Electrocardiogram signal (ECG) is considered a significant
biological signal employed to diagnose
heart diseases. An ECG signal allows the demonstration of the cyclical contraction and relaxation of human heart muscles. This signal is a primary and noninvasive tool employed to recognize the actual life threat related to the heart. Abnormal ECG heartbeat and
arrhythmia are the possible symptoms of severe
heart diseases that can lead to death.
Premature ventricular contraction (
PVC) is one of the most common arrhythmias which begins from the lower chamber of the heart and can cause
cardiac arrest, palpitation, and other symptoms affecting all activities of a patient. Nowadays, computer-assisted techniques reduce doctors' burden to assess heart
arrhythmia and
heart disease automatically.
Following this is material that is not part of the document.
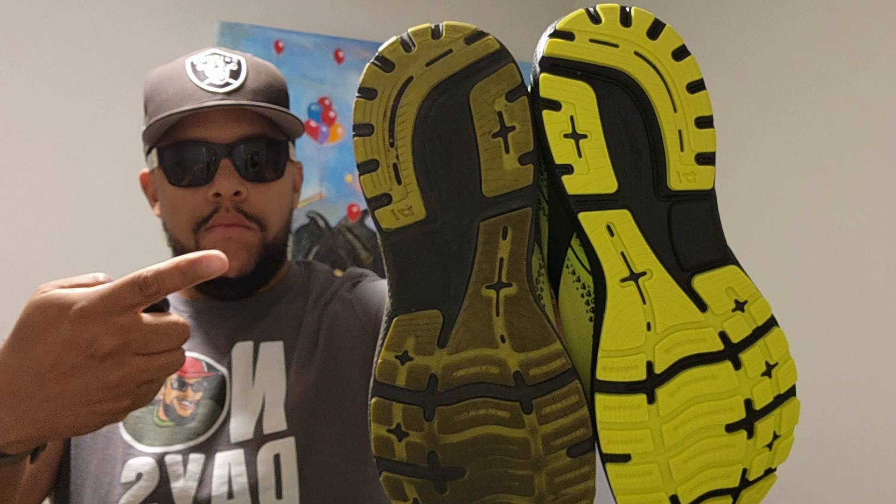The Brooks Ghost served me well for a while, but after about 600 miles, I started noticing the soles would come apart. I had about six pairs of them over the last four years. So for someone who walks as much as I do, that just wasn't going to cut it anymore. I've walked 1,629 miles in these Escalantes so far, and they still have plenty of life.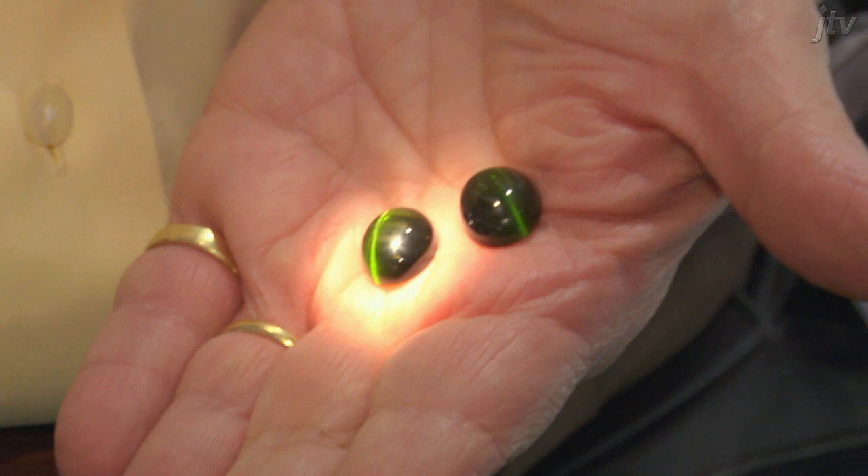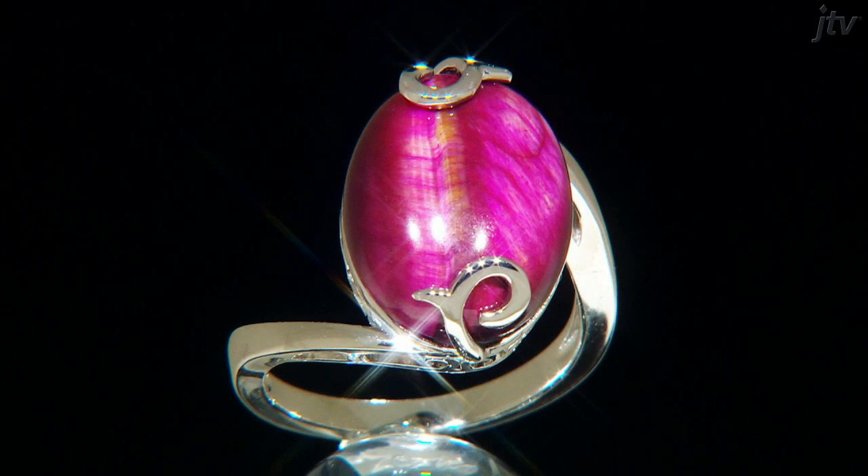The word chatoyant is derived from a French phrase that means eye of a cat. All cats have one trait in common: a characteristic slit that runs through the center of the eye, hence the more well-known term, cat's eye.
In this study, we propose a
PVC recognition based on a deep learning approach using the MIT-BIH
arrhythmia database. Firstly, 10 heartbeat and statistical features including three morphological features (RS amplitude, QR amplitude, and QRS width) and seven statistical features are computed for each signal. The extraction process of these features is conducted for 20 s of ECG data that create a feature vector. Next, these features are fed into a convolutional neural network (CNN) to find unique patterns and classify them more effectively. The obtained results prove that our pipeline improves the diagnosis performance more effectively.